I was planning to ship a PC I'm building for someone coast to coast in the US, and considering how heavy heatsinks are nowadays, I was somewhat worried about it.

I haven't bought the parts yet, but I wanted to make sure I picked a heatsink that is fairly securely mounted and is unlikely to cause damage while being shipped. The whole PC will be put back in the double box that the Antec P182 case ships in and filled with styrofoam peanuts etc, but does anyone have any suggestions for heatsinks that are securely fastened and don't put as much stress on the motherboard versus those that are heavy / not as securely fastened / cause extra stress on the motherboard?

I've been looking at reasonably high end air coolers for a quad core machine.

Thanks!
 
thats kinda tuff it it was the stock intel hsf it should be no prob but to me it gets kinda scary with the big cooler the the tt big typhoon or ultra 120
but the big typhoon vx goes on just like the stock intel one but is def heavy but seems secure
 
remove GPU and heatsink and pack them separately.

QFT
Those suckers are heavy, DO NOT ship it with the cooler on the mobo. Mobo, CPU's, heatsink, etc can handle quite a bit of traumatic force if packaged correctly, but not when they are assembled. If some idiot drops your box with a Tuniq Tower or something like it, there is good chance it will break free from its mounting.
 
^ Agreed. You can a take a look at my HeatWare here

I've shipped quite a few things, and I've found that shipping a PC with a copper and/or tower heatsink of any sort (even a stock HSF) is not usually a good idea. I've received a PC that had the entire mounting bracket ripped off in delivery due to the handling of the package/weight of the cooler itself.

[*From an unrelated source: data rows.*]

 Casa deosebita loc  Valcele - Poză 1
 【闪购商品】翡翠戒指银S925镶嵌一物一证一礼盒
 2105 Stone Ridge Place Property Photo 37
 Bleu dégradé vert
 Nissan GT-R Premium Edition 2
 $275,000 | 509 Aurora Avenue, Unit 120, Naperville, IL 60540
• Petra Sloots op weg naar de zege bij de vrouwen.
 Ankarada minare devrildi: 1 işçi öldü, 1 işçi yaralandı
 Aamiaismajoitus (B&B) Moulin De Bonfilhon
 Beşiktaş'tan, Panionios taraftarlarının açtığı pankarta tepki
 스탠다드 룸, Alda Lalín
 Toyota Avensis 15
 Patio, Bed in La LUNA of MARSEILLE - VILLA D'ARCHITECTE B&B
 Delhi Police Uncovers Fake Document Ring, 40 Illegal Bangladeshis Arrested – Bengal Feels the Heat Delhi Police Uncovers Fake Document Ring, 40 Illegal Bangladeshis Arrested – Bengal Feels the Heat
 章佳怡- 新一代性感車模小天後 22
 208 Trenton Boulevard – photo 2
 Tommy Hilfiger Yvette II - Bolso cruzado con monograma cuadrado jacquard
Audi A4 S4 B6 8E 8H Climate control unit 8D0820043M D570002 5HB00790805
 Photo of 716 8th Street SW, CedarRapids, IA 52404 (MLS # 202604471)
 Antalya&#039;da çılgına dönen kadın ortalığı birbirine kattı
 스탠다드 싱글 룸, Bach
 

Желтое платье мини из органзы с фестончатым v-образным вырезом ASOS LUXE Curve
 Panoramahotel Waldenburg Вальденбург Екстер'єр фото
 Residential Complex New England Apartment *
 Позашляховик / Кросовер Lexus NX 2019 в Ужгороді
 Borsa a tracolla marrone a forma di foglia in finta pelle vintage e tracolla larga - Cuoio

Just remove the cooler, and include it in an individual box along with the rest of the stuff, or, if you don't have the room, remove the cooler and tape it down to the inside bottom of the case (assuming there's sufficient room to do this)

Peace
 
Yeah, I think you'd be hard pressed to fnd ANYBODY that could ship it intact - even if they actually treated it like it were fragile. CYA and remove the heavy bits, I owuldn't bother with taping, definitely go for their own boxes....Thus the advantage of keeping tje retail boxes stuff comes in - security in the case of RMA or shipping..
 
Don't ship it with a large HSF. Even if it gets there intact, you won't know if the motherboard has small micro fractures on it until much later on when problems arise intermittently.

If you must ship it with the large HSF attached, then use a backplate to mount it securely.
eg., Thermalright 775 mounting kit.

Also, the resting position of the case must be sideways so the HS is vertical and resting on the motherboard. Place some spongy foam between the HSF and sides of the case to prevent movement. The computer case box should be placed within another box that is almost cube like with the height smaller than the sides. This is to ensure the best configuration against gravity has the computer resting on the side position with the HS on top of the motherboard. If you place it in a rectangular box, it will surely be shipped in a vertical position and it won't get it there in 1 piece.
 
Thanks for all the feedback - I'm glad I asked. Here's the issue - I'm building it for a family member that probably doesn't have the technical expertise to mount the heatsink back, but I guess I'll ask her to find someone locally to re-mount the heatsink. So I should clean off the thermal compound too, I guess. This makes the whole idea of pre-overclocking it (mild though it may be) somewhat more scary, in case the local person screws up the application of arctic silver and mounting of the HSF (as silly as that sounds.)

Let me ask a slightly modified question - which heatsinks are really easy to re-mount, if I've already mounted the backplate - hopefully something that doesn't require the removal of the motherboard once the backplate is installed? Something with good cooling characteristics.